I understand rather better than I did when I read it in black and white on the page the intention of the final amendment. I am not sure that it is in fact geared to the noble Lord's objectives. I understand both the argument that it is not necessarily boroughs within London or authorities immediately contagious to London--I should say "contiguous" to London, although in this context they would possibly be contagious as well! I was not quite sure whether the noble Lord sought to extend the number of boroughs that must consult the mayor to the Ukraine, as appeared at one point. Certainly, pollution arises on the Suffolk coast, for example, which may affect London; and pollution in boroughs down-wind of London may affect authorities beyond London.

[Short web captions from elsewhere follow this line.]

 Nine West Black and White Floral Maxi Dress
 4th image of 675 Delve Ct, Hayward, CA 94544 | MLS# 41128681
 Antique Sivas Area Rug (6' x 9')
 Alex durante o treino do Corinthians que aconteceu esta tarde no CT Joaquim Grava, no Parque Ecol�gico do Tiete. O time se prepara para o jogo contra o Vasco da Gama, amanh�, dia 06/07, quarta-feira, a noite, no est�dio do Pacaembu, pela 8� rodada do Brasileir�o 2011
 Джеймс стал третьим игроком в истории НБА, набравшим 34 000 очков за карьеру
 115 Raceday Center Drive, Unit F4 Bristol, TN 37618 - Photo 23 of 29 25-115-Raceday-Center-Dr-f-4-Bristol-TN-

But the obligation in this clause is on boroughs which must consult the mayor, not boroughs which the mayor must consult. Clearly, if implications arise from the mayor's air quality strategy that affect other local authorities throughout the UK, the mayor should consult those authorities. He may wish to consult authorities whose situation he believes may detrimentally affect his strategy. But this is a requirement on those authorities to consult the mayor. I am not necessarily suggesting that the noble Lord should think up another amendment at this stage in the Bill, but I believe that he is approaching the matter the wrong way round. I hope, therefore, that he will not pursue the amendment.

I hope that in the light of these explanations, the noble Lord will feel able to withdraw the amendment and that the other amendments will not be pressed.